Energy in the clutchMarch 23, 2012
Energy in the clutch
By Jeff Brown
Since James Naismith hung the first peach basket on a wall and invented the game in 1891, basketball has been a game for the tall. In that sense, head coach Scott Drew's roster is one of the best-equipped in the country, with a regular rotation that features four players standing 6-9 or taller.
But for all that height, the most important player on the team might be the one you're most likely to overlook (literally): the generously listed 5-foot-10 Pierre Jackson. What Jackson lacks in size, however, he more than makes up for in energy and intensity.
"He's a little energy plug," says fellow guard Brady Heslip. "He's able to make a quick play and change the momentum of the game, then get a steal and change the momentum even more. ... He can pass, he can score, he can really guard people. He's a really smart basketball player."

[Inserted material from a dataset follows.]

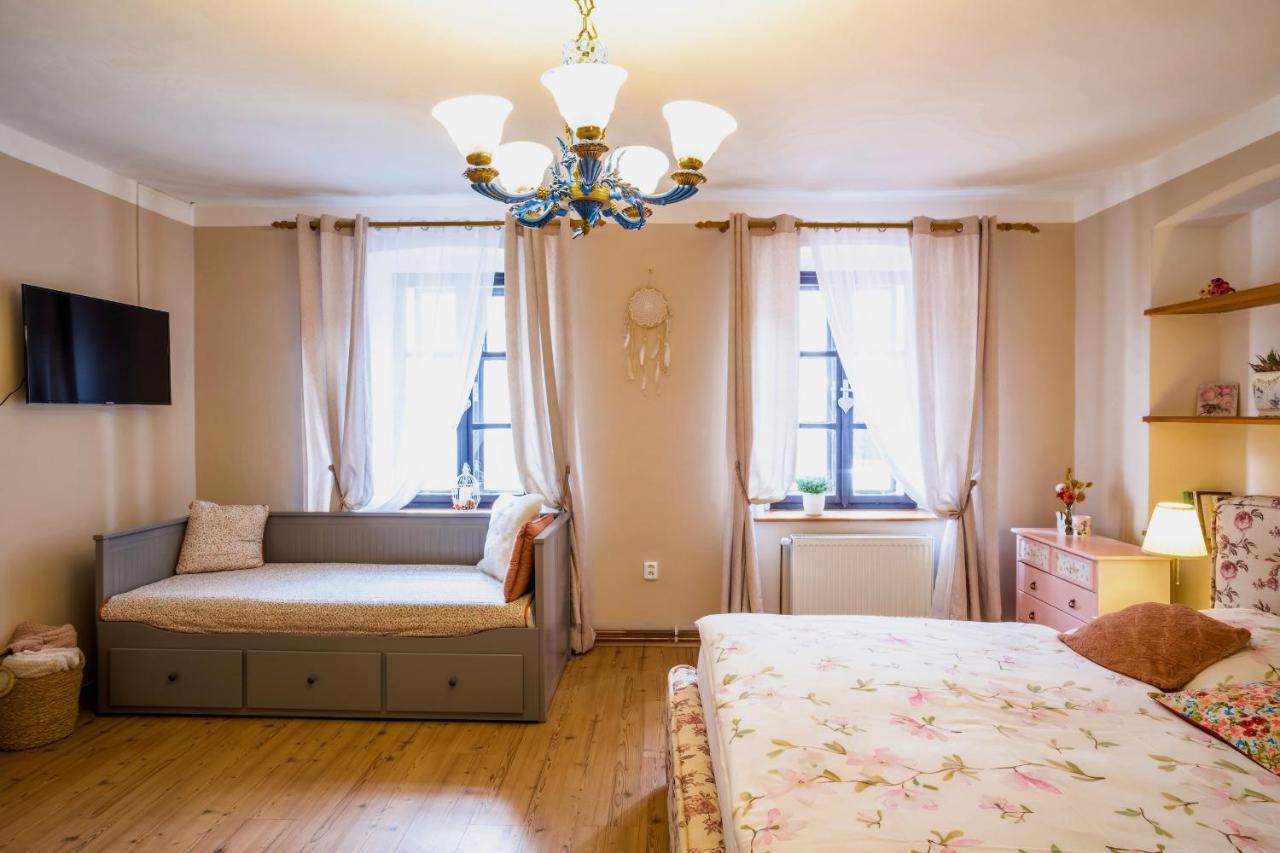 Rustic House V Luzickych Horach Lägenhet Jiřetín pod Jedlovou Exteriör bild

"He can do whatever he needs to do on the court," echoes senior Quincy Acy. "He brings clutchness, toughness. He wants the ball in his hands."
Those hands have brought good fortune several times already this year. Jackson hit a game-tying 3-pointer with 18 seconds left to force overtime against West Virginia in a game the Bears eventually won, then hit game-winning shots in the final 30 seconds to clinch wins against Mississippi State and Texas A&M.

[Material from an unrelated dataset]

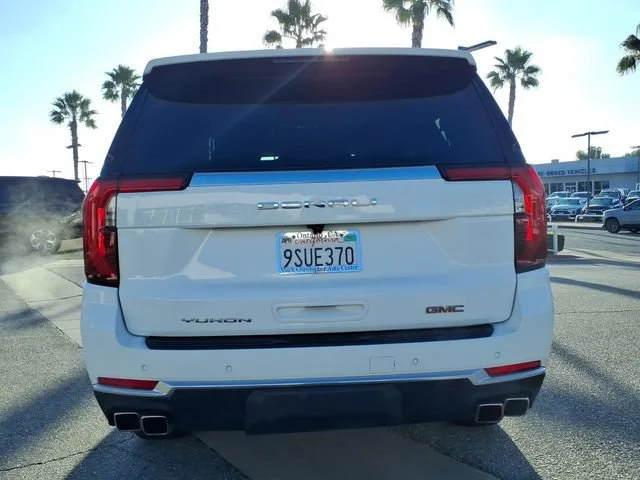 Used 2025 Summit White GMC Denali image 5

And in one of his first games as a Bear, the diminutive guard blocked a BYU 3-pointer at the buzzer to end Baylor's 86-83 win over the Cougars in Provo. Yet, Jackson came close to missing out on all of this.
After a sterling high school career, Jackson's academics prevented the Las Vegas native from signing with a Division-I program right away, heading off his first shot at college glory. Instead, he followed the recommendation of a former teammate and enrolled at the College of Southern Idaho.
And then ... "As soon as I got there, I hurt myself," Jackson recalls. "I hit my elbow on the floor real hard. The doctors said it was kind of broken before, because I fall a lot, but this time I shattered it completely."
The injury took away Jackson's biggest weapon: his scoring prowess. He says he led the state in scoring for much of his senior year of high school, but limited by his elbow, Jackson was held to fewer than 8 points a game as a freshman.
"It changed my game a lot," reflects Jackson today. "Coming out of high school, I used to score a lot, but now I couldn't shoot. I was just distributing the ball and getting to the rim."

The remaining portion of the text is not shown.